Koller, an Essex native, began volunteering on the local education scene soon after she and her family moved to Bridport in 1998. She immediately began volunteering at the Middlebury Cooperative Nursery School, then attended by her four-year-old daughter Christina.
She joined the Bridport school board the following year when her daughter entered kindergarten. She has served there ever since, a tenure that has included more than three years as chairwoman.
“It was a way of contributing,” Koller said of her decision to join the board. “I saw that there was an opportunity, and it seemed to be an important role for people in the community to have — and I have enjoyed it. It has been very rewarding.”
With the rewards have come some hurdles. Koller cited planning the annual school budget and transitioning Bridport’s seventh- and eighth-graders to Middlebury Union Middle School four years ago as being among the biggest challenges.
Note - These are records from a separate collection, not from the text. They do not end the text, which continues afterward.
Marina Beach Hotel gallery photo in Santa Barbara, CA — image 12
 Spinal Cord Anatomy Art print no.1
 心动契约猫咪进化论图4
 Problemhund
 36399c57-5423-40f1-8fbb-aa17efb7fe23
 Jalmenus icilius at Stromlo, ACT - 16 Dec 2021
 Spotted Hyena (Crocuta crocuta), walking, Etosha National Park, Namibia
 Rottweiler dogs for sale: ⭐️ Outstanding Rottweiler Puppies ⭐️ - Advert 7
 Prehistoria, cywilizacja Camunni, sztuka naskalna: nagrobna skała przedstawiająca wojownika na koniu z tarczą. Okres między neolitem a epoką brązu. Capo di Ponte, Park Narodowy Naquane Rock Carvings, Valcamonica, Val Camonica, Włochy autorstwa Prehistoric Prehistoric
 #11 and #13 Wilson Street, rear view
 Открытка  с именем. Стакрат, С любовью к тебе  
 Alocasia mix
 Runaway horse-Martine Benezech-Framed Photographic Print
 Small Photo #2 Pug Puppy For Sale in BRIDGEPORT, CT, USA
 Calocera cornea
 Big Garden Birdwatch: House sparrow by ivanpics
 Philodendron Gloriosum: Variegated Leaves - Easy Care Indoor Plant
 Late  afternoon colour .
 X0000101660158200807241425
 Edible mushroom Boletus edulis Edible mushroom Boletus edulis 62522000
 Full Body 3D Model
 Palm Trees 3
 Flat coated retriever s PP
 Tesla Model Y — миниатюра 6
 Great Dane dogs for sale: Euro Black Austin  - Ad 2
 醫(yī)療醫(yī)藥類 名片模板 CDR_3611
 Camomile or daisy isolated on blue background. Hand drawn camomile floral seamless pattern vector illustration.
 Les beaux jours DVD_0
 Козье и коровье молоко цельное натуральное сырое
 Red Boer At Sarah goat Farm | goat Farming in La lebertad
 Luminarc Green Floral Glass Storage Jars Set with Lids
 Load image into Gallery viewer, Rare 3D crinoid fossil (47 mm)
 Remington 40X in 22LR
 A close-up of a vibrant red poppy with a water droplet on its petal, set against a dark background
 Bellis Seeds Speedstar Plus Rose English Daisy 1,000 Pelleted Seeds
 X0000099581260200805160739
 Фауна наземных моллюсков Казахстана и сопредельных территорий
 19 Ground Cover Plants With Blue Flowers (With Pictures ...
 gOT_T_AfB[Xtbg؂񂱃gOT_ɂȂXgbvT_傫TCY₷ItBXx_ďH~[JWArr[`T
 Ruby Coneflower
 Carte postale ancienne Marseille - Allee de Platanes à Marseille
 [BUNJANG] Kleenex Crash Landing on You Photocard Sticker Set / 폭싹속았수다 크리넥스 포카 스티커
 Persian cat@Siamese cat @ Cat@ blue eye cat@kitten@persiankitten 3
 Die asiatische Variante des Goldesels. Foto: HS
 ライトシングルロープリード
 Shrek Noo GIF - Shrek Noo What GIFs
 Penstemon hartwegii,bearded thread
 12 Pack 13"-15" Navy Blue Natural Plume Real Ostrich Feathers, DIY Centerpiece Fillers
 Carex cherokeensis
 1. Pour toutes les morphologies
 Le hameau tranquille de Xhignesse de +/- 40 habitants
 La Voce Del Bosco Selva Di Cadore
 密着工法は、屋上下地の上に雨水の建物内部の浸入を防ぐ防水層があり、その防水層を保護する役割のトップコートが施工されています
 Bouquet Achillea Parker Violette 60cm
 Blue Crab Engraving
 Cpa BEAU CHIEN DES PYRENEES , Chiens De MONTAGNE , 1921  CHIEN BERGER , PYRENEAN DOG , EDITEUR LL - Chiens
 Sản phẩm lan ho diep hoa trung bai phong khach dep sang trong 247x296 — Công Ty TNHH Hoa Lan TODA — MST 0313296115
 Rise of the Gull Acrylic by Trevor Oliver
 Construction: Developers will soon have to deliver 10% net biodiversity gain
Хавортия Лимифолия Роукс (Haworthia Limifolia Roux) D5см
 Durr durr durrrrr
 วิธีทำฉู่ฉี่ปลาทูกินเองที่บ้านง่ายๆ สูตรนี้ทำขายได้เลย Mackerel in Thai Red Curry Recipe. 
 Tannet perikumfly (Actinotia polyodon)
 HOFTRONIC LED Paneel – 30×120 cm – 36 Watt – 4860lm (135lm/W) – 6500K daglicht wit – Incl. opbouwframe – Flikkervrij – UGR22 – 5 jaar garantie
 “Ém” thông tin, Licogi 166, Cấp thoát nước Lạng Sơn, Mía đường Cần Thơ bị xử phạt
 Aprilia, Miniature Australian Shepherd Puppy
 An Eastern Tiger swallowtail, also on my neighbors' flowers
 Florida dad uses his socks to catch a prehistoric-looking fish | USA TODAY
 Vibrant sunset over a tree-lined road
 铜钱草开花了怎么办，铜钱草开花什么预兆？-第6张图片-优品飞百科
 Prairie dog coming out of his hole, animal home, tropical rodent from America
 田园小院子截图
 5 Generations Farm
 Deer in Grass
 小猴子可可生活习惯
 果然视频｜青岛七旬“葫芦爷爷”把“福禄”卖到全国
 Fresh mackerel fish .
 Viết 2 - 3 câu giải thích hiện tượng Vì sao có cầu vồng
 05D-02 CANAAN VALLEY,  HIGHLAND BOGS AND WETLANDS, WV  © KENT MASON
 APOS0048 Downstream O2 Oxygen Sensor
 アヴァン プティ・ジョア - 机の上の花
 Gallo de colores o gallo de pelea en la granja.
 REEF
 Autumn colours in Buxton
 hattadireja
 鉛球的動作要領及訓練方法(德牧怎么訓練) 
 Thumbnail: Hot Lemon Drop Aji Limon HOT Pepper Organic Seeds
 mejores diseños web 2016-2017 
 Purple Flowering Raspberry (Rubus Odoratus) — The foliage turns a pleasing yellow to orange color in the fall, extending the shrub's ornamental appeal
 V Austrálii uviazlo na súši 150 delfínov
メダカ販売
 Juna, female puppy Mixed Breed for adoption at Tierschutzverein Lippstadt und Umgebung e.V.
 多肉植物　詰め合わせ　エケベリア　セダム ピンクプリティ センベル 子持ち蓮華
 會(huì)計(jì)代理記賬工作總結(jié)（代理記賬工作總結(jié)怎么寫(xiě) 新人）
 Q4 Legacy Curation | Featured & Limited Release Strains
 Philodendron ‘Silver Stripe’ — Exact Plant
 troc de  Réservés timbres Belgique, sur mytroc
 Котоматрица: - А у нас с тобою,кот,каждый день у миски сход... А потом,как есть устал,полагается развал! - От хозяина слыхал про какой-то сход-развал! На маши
“It was a very contentious time to be on the board,” Koller recalled of the debate surrounding sending local middle-schoolers to MUMS. “But it felt rewarding to be able to manage meetings in a way where people walked away thinking they were able to come to understandings, even if they didn’t come to agreements.”
Koller’s contributions have extended beyond the school board.
Among other things, she has:
• Served as the school liaison for the Foundation for Excellent Schools.
• Acted as a music composition mentor for local students.
• Planned a re-enactment of the 1775 capture of Fort Ticonderoga with Bridport’s third- and fourth-graders.
• Volunteered on numerous occasions for programs at MUMS and the Addison Central Supervisory Union district.
In addition, she has been an active member of the local Parent-Teacher Organization, set up a “volunteer bank” of community members interested in helping within the school, and started a school board newsletter to keep the community informed about goings-on at Bridport Central.
“Sharon’s dedication, coupled with consistent, quiet energy, has provided the enduring successful support that has been positive in all aspects, productive in all areas and enduringly essential in so many of the programs that form our school’s educational foundation,” reads a statement from the group of Bridport educators and administrators who nominated Koller for the award.
Koller has no plans to stop being a school volunteer, though her focus may shift more to MUMS next year. Her son, William, will begin middle school this coming fall. Her current term on the Bridport school board is set to expire next March.
She holds a master’s degree in counseling from the University of Vermont, but has put her career on hold to be a school volunteer. She is considering re-entering the job market, though she keeps very busy with her current schedule.
“It’s grown and grown to the point where it almost feels like a full-time job, but a very enjoyable and diverse one,” Koller said. “In a public school there are so many opportunities to support good programs, and I think schools do better when there are more people involved and willing to give their time and lend a hand.”